“Oh no, please, I’m sorry I’m trying to get to the hospital, my mother is dying,” my mom, Lois, explained frantically to the police. “Ok, I’ll let you off with a warning” the officer replied calmly. He then strolled to his car as my mom drove off; the tears came down like a waterfall. I was sure that this moment would scar me forever. My mom was always there for me when I cried and when I was hurt, strong and comforting all at the same time. Her voice always soft and soothing, letting me know that everything was alright. But not at this moment, the mother that I had known was no longer there. I began to feel insecure like a lost puppy in the rain.

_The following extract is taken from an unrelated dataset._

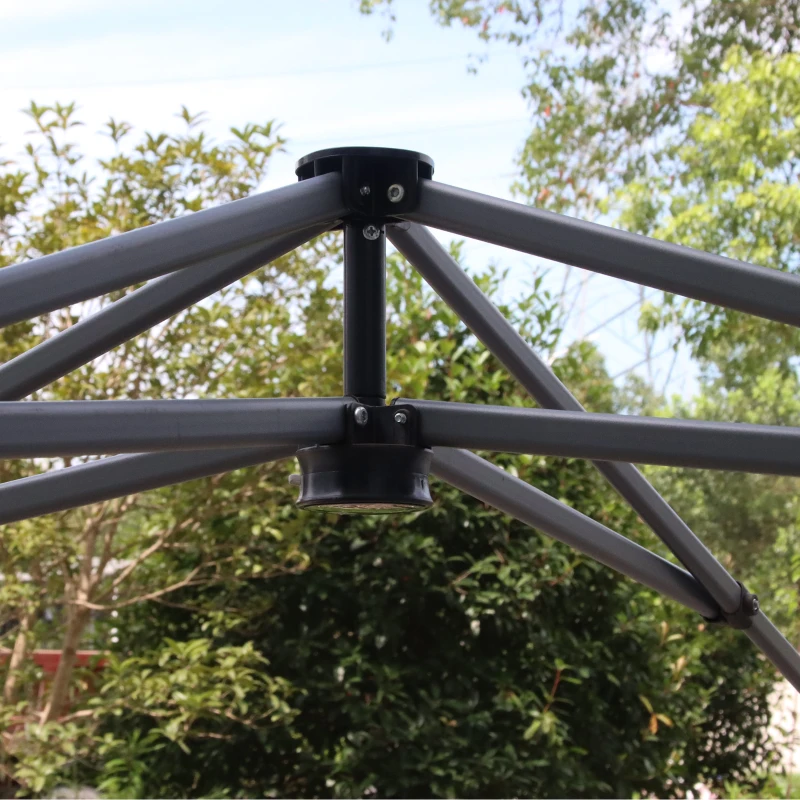 Outsunny 10' x 10' Pop Up Canopy Tent with Wheeled Carry Bag and 4 Sand Bags, Instant Sun Shelter, Tents for Parties, Height Adjustable, for Outdoor, Garden, Patio, Dark Grey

I’ve always hated hospitals, the strong smell of urine and doctor soap filled my nostrils, so overwhelming it made me sick. I automatically knew which room was hers; I saw family gathered around as my dad whispered into the ear of my grandmother. I heard him say something about getting surgery or she might die. She shook her head no and refused. There were tubes everywhere, all through her. I could see tears running down my grandmothers eyes through those tubes. That’s when I finally began to cry. I couldn’t handle knowing that my grandmother was just as afraid as I was, or more. Just as I started to relax a little my grandmother let out a sound I will never forget. The gagging and heaving made me turn to the exit and close my ears as I cried. While the rest, ran to her side.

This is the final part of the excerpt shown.